A week ago, Karen, always finding ways to improve my life, sent me a link to a New York Times article “Don’t Just Sit There” criticising our sedentary lifestyles. Turns out that our ritual of 2 3/4 mile walks are insufficient. All of the time spent shifting from one gluteus maximus to the other in front of the computer and on the phone has such negative effects that I might as well forgo the walks and have another donut.
Dating back to my days at Augat (in the ’80s) I have wanted a stand up desk. Never got around to it, though I did look for stand up desks in furniture catalogs and knew that they were very common in earlier times. Jefferson used them including the one in the photo. Otto von Bismarck reportedly began his day at a stand up desk. Hemingway was photographed at one.
Then there are the health claims for standing. The ArtOfManliness.com has a lengthy discussion. I particularly liked their images of jury rigged stand up desks. Right up my alley. Or. another discussion at The Graham Peterson Desk Company.
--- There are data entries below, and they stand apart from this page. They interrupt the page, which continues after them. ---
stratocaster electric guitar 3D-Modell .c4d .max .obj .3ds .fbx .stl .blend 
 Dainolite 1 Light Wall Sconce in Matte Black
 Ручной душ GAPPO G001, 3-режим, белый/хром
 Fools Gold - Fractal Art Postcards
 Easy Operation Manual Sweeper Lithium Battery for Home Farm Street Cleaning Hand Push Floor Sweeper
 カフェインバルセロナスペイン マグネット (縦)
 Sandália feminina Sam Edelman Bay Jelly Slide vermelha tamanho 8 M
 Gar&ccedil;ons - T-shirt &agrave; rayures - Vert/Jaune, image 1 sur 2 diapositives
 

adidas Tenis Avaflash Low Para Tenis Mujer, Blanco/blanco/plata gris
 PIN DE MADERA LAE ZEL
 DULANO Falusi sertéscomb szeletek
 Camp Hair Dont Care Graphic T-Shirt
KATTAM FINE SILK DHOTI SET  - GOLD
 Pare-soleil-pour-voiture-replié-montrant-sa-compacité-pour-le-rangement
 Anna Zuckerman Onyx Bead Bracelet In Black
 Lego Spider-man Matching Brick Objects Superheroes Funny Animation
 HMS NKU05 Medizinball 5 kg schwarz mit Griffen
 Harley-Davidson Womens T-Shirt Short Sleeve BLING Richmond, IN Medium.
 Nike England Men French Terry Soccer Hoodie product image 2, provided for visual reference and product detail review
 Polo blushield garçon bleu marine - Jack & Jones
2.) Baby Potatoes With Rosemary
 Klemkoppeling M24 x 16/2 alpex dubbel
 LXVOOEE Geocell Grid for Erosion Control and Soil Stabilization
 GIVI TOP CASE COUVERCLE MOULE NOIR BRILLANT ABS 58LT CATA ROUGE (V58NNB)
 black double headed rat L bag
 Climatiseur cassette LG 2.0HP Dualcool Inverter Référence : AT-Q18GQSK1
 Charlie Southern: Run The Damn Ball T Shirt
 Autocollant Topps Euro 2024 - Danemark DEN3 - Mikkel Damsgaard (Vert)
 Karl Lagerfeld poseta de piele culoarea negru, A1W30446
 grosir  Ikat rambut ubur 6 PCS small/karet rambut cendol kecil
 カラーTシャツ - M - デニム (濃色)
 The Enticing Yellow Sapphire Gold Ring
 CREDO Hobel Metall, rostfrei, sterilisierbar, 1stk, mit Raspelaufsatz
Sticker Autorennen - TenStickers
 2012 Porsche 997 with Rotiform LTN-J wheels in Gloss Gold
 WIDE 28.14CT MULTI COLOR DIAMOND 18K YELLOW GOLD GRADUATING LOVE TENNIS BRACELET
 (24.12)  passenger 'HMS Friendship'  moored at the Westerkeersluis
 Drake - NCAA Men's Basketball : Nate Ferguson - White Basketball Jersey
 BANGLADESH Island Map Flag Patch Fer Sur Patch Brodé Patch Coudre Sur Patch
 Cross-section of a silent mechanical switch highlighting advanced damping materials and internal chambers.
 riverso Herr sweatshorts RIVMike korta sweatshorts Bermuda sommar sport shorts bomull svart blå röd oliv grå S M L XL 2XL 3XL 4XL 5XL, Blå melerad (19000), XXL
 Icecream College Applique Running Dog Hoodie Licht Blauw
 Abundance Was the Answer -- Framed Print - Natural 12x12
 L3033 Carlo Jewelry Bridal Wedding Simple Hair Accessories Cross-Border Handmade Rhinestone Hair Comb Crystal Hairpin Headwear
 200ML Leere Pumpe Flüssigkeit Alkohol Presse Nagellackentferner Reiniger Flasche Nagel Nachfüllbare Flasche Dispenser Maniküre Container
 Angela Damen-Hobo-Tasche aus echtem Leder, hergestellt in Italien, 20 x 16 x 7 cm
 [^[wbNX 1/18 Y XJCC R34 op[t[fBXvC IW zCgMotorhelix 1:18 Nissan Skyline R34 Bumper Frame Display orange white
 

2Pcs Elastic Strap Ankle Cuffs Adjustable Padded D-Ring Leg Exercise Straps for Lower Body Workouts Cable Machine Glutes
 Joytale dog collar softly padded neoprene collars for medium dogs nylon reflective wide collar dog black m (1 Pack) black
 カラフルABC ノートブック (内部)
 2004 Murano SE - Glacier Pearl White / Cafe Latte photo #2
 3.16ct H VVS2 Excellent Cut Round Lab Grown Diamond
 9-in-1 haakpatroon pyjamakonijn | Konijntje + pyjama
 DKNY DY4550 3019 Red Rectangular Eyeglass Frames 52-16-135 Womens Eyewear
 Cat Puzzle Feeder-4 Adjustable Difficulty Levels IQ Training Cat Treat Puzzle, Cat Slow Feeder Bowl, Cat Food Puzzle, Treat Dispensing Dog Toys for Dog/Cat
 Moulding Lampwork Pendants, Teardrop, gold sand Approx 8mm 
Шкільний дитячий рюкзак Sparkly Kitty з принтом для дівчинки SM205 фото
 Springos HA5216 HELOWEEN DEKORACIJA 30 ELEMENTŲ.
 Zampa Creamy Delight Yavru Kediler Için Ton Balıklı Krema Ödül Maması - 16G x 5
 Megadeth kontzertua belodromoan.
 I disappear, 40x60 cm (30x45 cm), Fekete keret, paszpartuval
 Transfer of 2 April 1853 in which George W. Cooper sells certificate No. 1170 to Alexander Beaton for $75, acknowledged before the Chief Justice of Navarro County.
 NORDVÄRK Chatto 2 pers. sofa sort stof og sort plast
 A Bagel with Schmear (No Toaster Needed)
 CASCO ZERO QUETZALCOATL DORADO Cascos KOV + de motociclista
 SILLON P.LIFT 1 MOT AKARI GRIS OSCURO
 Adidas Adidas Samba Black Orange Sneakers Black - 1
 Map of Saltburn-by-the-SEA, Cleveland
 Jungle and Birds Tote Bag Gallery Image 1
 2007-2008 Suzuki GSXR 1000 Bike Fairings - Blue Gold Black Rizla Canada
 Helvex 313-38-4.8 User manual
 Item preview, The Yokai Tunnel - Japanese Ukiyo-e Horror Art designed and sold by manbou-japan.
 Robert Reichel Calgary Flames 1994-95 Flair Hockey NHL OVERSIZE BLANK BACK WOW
My problem is that I already have a desk custom built (ipse fecit) to fit in the space allotted to me. I can’t very well start to agitate for a new corner office.
The only one available is out in the barn. It is drafty out there and I would have to share with whatever critters might happen along. And, because of my already proven sloth, we have a conduit underground, been there for a year, but no one has dragged electric power out there.
Maybe I could work with the LED headgear Ed gave us last year for Xmas. Worked fine camping. Wonder what the clients might think on Skype?
So I came up with my own solution. $34 of material (mostly for the extravagant oak veneer plywood) and now Mr. Wonderful is vertical. If I had done this earlier I could have saved on the real extravagance of the plush office chair that inclines and reclines in every imaginable direction.
BTW – since the photo was taken I have filled in the screw holes, sanded, and slathered three coats of urethane on the desk.